Etre enseignant est-ce finalement un métier ? On sait qu’en France la question du métier est officiellement débattue. En Belgique, le mouvement pédagogique belge Changement pour l’égalité réagit à l’arrivée dans la communauté française de Belgique de « Teach for Belgium », un clone de « Teach For America ». Cette extension inattendue amène à poser la question du métier enseignant mais aussi celui de l’enseignement dans les établissements de l’éducation prioritaire.

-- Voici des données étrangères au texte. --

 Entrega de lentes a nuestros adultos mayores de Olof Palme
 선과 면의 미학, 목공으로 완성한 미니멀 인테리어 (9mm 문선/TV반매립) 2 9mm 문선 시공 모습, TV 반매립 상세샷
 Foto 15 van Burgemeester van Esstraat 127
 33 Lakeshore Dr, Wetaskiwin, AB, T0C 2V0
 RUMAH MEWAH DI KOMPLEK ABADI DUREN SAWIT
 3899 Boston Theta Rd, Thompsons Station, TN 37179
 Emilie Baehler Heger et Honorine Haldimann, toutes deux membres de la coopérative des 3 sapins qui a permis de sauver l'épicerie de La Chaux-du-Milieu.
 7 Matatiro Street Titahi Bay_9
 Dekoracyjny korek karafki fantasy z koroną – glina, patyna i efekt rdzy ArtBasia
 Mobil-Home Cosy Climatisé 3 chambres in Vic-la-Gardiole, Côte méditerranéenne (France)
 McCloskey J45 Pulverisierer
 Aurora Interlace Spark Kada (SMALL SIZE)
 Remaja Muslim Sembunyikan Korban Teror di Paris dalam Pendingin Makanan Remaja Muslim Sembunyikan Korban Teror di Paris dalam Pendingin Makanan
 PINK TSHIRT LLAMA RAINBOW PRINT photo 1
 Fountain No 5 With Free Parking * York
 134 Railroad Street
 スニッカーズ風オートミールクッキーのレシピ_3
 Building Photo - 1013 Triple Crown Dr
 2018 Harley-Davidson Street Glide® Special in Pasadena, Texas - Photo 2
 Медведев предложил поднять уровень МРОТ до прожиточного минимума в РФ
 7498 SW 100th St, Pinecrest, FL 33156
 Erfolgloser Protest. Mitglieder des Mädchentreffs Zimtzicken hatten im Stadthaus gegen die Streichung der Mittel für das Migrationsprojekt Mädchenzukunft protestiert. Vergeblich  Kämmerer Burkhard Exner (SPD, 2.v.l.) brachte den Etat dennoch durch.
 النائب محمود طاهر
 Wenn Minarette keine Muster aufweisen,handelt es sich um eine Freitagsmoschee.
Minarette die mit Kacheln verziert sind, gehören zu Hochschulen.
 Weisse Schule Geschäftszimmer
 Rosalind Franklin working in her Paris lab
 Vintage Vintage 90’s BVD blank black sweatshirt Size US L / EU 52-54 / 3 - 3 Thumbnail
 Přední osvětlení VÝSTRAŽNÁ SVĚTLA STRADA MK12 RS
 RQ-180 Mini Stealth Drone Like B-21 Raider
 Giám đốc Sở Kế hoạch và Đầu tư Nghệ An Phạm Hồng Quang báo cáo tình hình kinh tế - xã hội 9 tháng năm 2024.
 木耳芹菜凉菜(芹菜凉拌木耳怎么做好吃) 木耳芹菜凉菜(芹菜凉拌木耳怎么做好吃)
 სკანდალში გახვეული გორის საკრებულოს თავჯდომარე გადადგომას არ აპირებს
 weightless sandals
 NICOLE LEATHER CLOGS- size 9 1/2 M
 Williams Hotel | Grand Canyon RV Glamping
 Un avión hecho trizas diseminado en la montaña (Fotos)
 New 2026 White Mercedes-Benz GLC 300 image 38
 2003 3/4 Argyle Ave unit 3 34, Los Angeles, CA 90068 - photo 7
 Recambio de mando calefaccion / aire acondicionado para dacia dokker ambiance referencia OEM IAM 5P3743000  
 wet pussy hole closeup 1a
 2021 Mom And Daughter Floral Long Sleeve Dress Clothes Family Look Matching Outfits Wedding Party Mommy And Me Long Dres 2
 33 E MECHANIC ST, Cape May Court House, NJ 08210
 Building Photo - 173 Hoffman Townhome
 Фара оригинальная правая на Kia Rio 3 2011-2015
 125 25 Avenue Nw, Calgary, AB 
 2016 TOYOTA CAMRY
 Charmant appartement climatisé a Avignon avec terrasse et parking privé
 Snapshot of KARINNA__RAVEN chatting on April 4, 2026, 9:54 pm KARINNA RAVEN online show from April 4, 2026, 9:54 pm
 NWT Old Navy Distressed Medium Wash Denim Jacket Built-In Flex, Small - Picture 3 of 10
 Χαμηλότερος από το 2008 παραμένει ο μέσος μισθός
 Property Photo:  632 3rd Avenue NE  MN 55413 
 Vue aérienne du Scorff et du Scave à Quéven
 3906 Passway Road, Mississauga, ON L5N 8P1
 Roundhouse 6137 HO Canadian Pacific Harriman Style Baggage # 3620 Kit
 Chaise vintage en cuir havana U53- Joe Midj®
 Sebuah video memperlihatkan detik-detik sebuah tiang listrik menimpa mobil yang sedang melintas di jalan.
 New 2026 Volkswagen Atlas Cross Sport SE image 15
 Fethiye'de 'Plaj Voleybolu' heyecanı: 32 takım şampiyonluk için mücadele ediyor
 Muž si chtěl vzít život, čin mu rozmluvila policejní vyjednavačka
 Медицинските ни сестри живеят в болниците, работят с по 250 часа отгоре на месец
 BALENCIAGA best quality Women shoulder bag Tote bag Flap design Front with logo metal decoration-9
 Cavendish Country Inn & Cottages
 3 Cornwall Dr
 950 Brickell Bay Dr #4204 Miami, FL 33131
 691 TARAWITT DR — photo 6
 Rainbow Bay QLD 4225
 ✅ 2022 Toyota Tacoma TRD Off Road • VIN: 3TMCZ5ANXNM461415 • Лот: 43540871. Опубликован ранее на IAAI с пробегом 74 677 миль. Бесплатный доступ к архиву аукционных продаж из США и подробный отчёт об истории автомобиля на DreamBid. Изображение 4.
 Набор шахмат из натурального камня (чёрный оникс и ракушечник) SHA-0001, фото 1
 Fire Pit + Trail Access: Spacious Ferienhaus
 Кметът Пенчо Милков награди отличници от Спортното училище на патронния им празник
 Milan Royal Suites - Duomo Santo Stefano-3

» Notre système scolaire serait-il à ce point sclérosé et ses responsables anesthésiés pour assister sans réagir à une forme de privatisation de la formation des enseignants, mission essentielle de tout État qui veut assurer un avenir à sa jeunesse ? » C’est surtout la surprise qui l’emporte dans la réaction de Changement pour l’égalité à l’arrivée inattendue de Teach For Belgium. L’initiative semble bénéficier du soutien des instances officielles qui rémunéreront les intervenants de Teach For Belgium au tarif des profs débutants.
Teach For Belgium (TFB) n’est pas la première branche européenne de Teach For America. Ce mouvement américain est présent dans 10 pays européens. Né à la fin des années 1980, il veut lutter contre les inégalités scolaires en envoyant dans les écoles des quartiers populaires des jeunes motivés. Teach For America (TFA) recrute de jeunes diplômés du supérieur, les forme sommairement (en 300 heures de formation sur 6 semaines) et les envoie dans des écoles populaires. La formation baigne dans un esprit positif vantant « létat d’esprit volontariste à l’égard des élèves ». Pour TFA cette injonction de sang jeune et dynamique suffit à réduire les inégalités scolaires. Les jeunes restent deux années et repartent avec une expérience intéressante sur leur CV. C’ets du moins ce qu’affirment TFA et Teach For Belgium.
Le développement de ces boys scouts de l’école illustre la vision que le public peut se faire du métier enseignant. N’importe quel jeune diplômé pourrait enseigner simplement parce qu’il aurait une mentalité positive et il ferait mieux que les vieilles barbes enseignantes, un peu usées sur le labeur. Une vision qui peut sembler simpliste mais qui était officiellement celle du gouvernement français il y a quelques mois. C’est ainsi qu’on envoyait en classe des jeunes titulaires d’un master avant que V Peillon y mette bon ordre. Et ces jeunes profs on les faisait commencer dans les quartiers populaires.
Pourquoi les jeunes des quartiers populaires devraient-ils avoir comme enseignants les personnels les moins formés ? Cette question n’est pas posée que par l’arrivée temporaire des jeunes maitres de TFB. C’est une constante de ces dernières années. Ainsi on a vu en Angleterre des assistants venir aider les professeurs dans les écoles prioritaires. En France c’était une des missions des assistants d’éducation que de s’occuper des jeunes en difficulté. C’est un reproche qui a été fait aux emplois avenir professeur, dans un contexte en fait assez différent. A un autre niveau on n’a toujours pas trouvé de remède à l’envoi des jeunes enseignants en zep…
On mesure ainsi que la psychologie positive invoquée par les défenseurs de ces initiatives, la sympathique dimension apparente de solidarité, cachent en fait la volonté de maintenir un système scolaire à deux vitesses. Si l’on veut réduire l’échec scolaire il faut investir vraiment dans l’école, assurer le plus de maitres que de classes et non instaurer un turn over de jeunes étudiants. Dans la guerre contre l’échec scolaire on a besoin de combattants expérimentés pas de bleus.